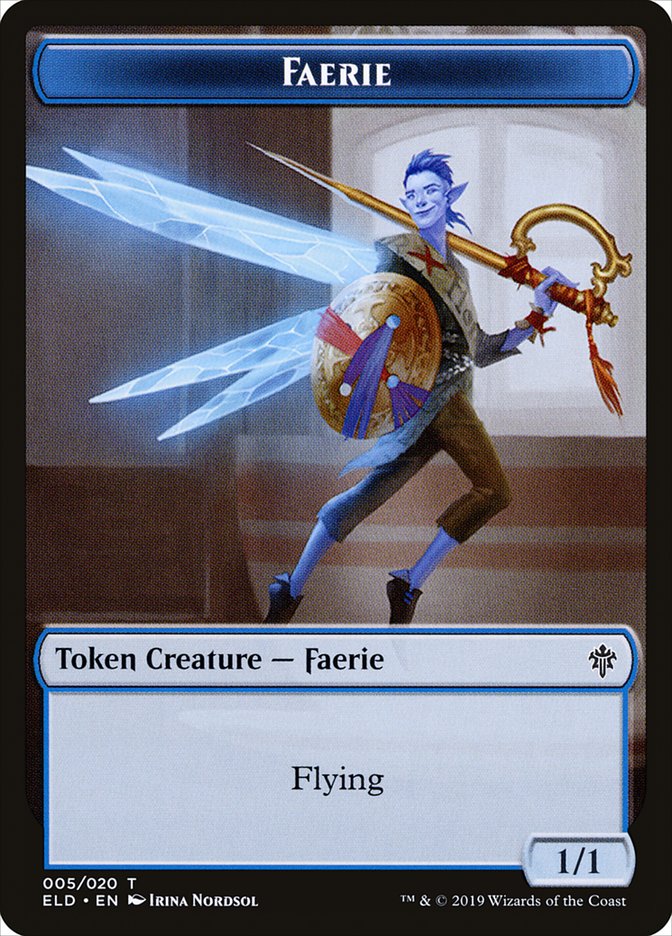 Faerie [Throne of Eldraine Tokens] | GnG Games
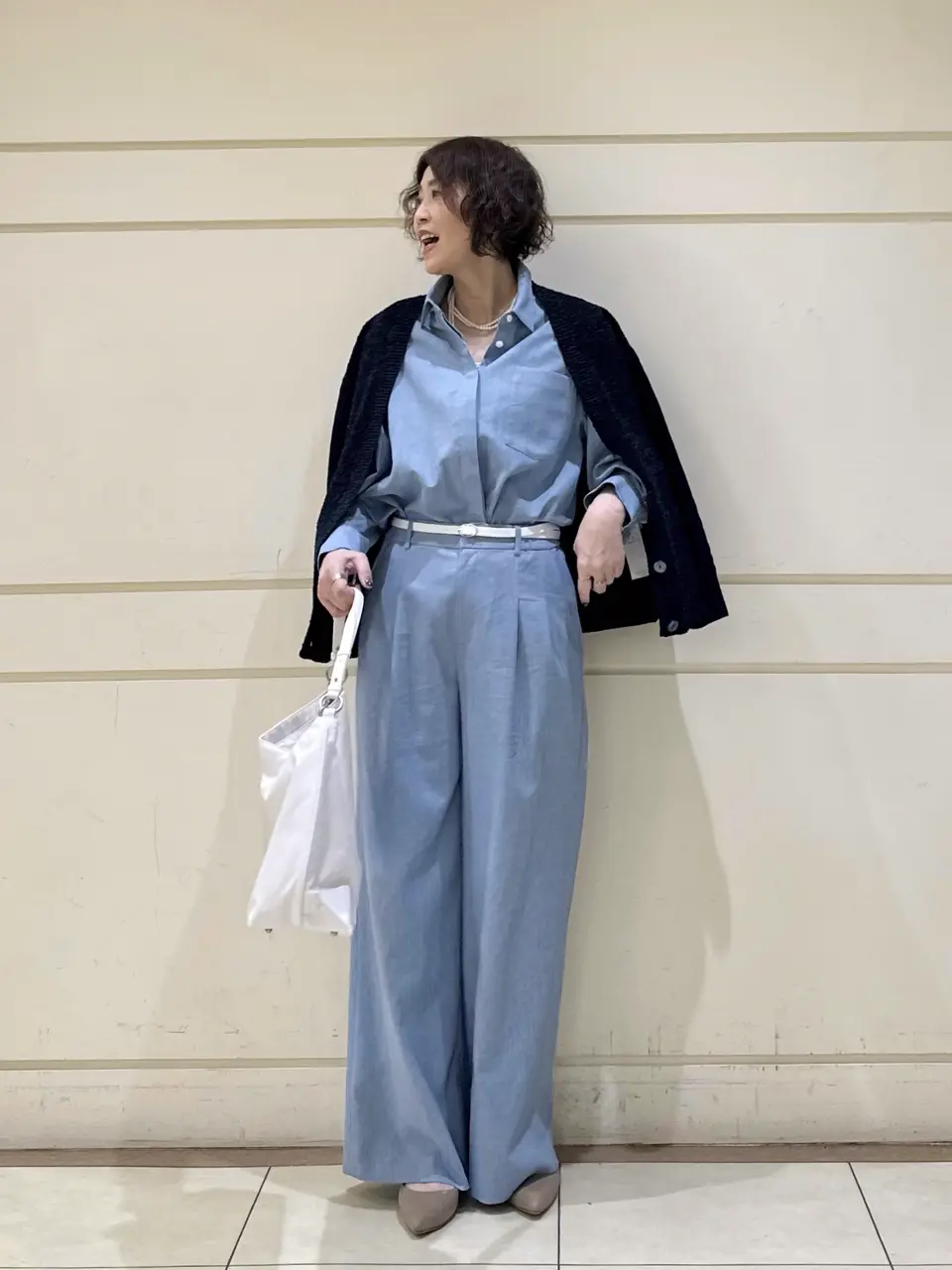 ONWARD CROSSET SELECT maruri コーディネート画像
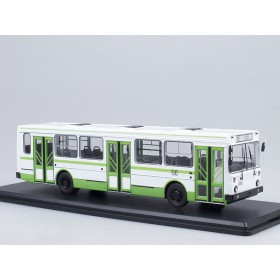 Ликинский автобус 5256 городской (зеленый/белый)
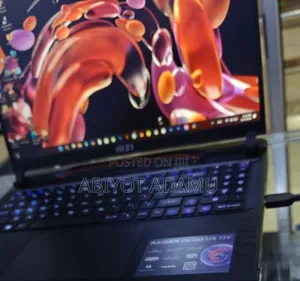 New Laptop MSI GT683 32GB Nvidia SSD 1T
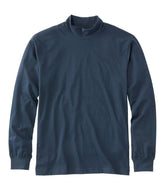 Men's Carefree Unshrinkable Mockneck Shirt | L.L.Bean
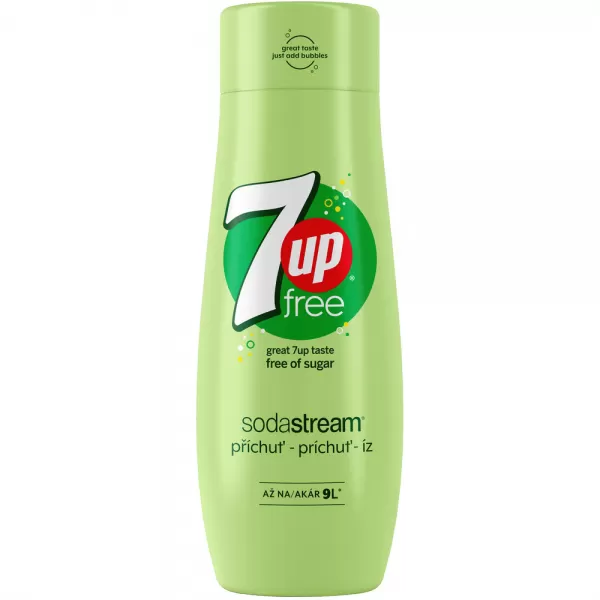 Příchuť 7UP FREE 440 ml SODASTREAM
____________
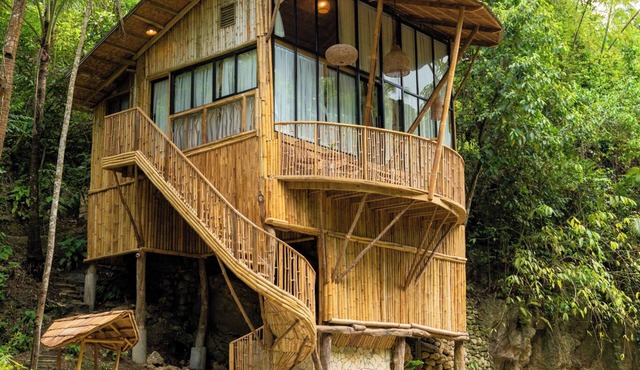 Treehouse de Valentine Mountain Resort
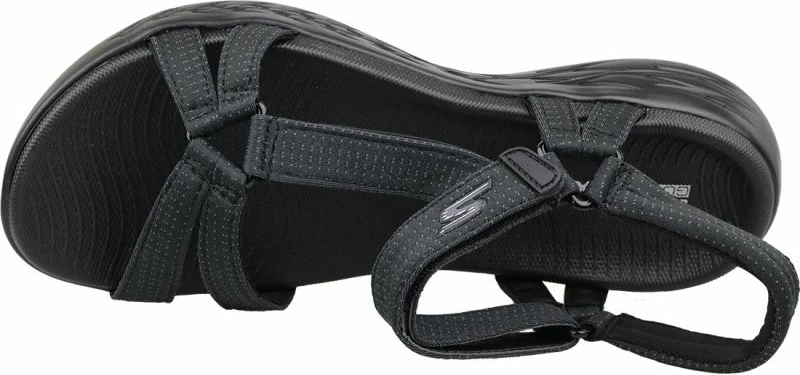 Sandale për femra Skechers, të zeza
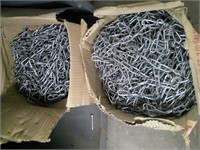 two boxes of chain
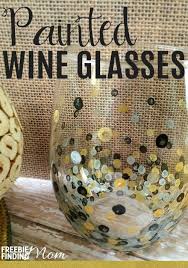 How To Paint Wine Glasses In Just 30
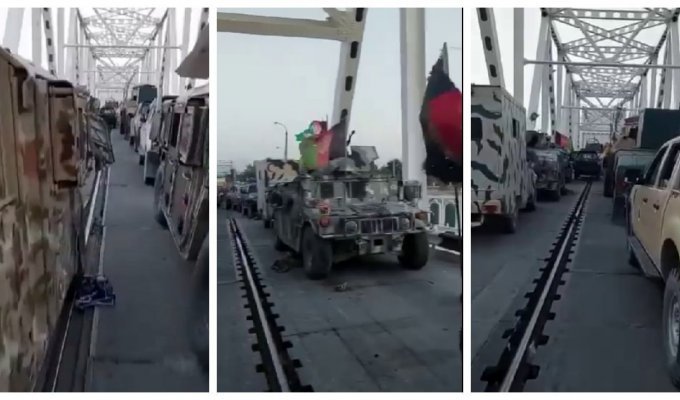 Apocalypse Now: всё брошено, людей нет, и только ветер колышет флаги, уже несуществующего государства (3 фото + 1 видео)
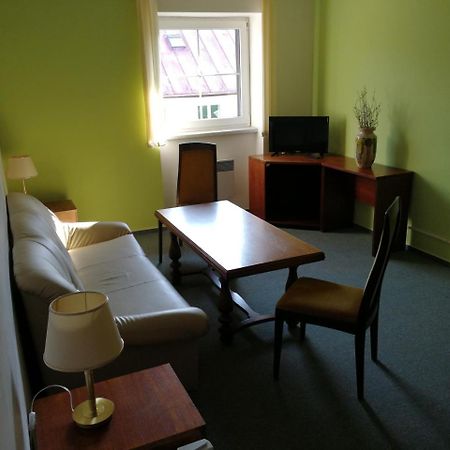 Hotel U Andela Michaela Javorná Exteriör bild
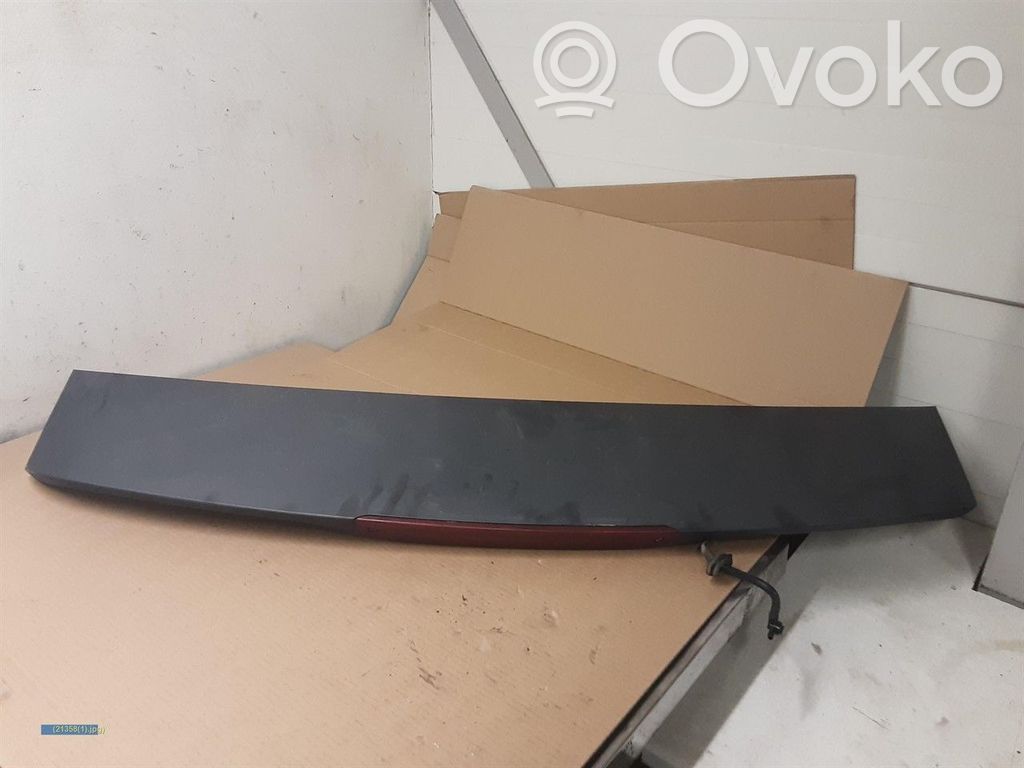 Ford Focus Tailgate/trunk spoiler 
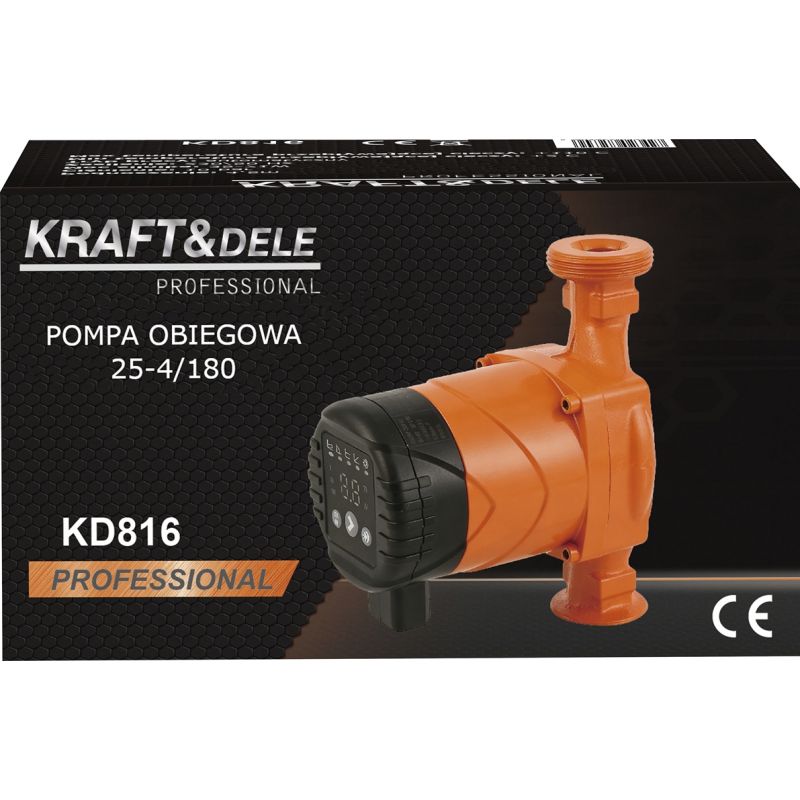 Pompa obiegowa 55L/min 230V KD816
____________
TASK STATEMENT. Extract, without any images, the part of the material above that opens with the line containing "Men's Carefree Unshrinkable" and closes with the line containing "Příchuť 7UP FREE 440 ml SODASTREAM", both lines included.

SOLUTION FOR THIS TASK.
 Men's Carefree Unshrinkable Mockneck Shirt | L.L.Bean
 Příchuť 7UP FREE 440 ml SODASTREAM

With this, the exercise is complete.